== Segment start ==

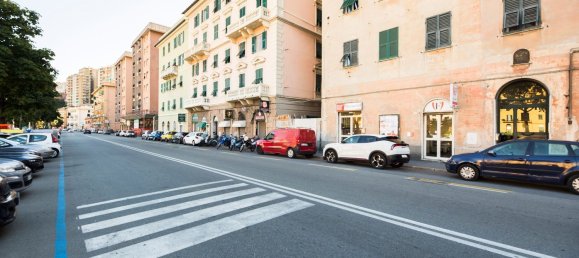 4 chambres Appartement à Genoa, Italy No. 352325 3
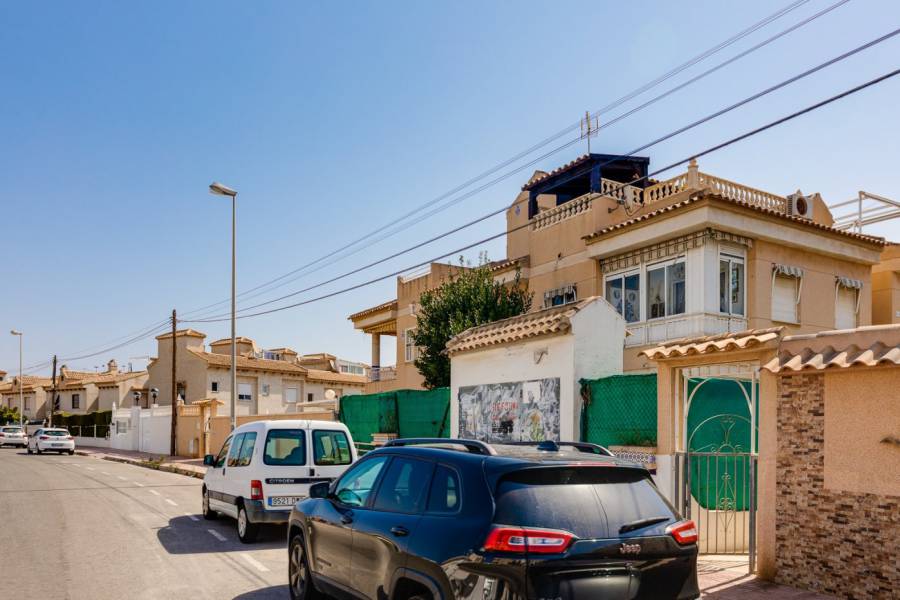 Venta - Bungalow Planta Alta - Aguas nuevas 1 - Torrevieja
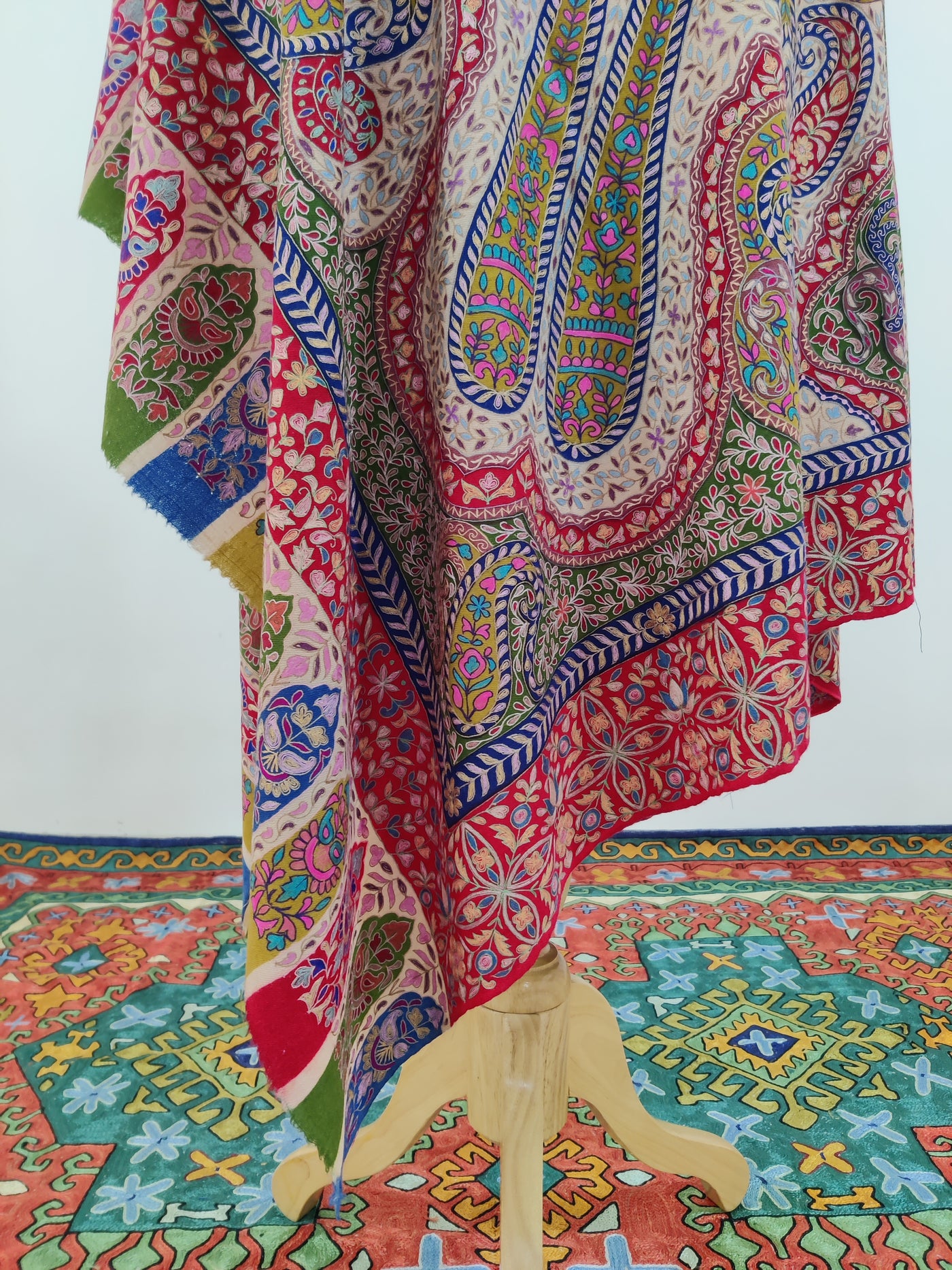 Kalamkari: Hand-Embroidered Sozni Pure Pashmina Shawl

== Segment end ==

__Problem__: Go through the listing above and write it all out exactly, leaving out any picture.

__Output of the exercise__:
 4 chambres Appartement à Genoa, Italy No. 352325 3
 Venta - Bungalow Planta Alta - Aguas nuevas 1 - Torrevieja
 Kalamkari: Hand-Embroidered Sozni Pure Pashmina Shawl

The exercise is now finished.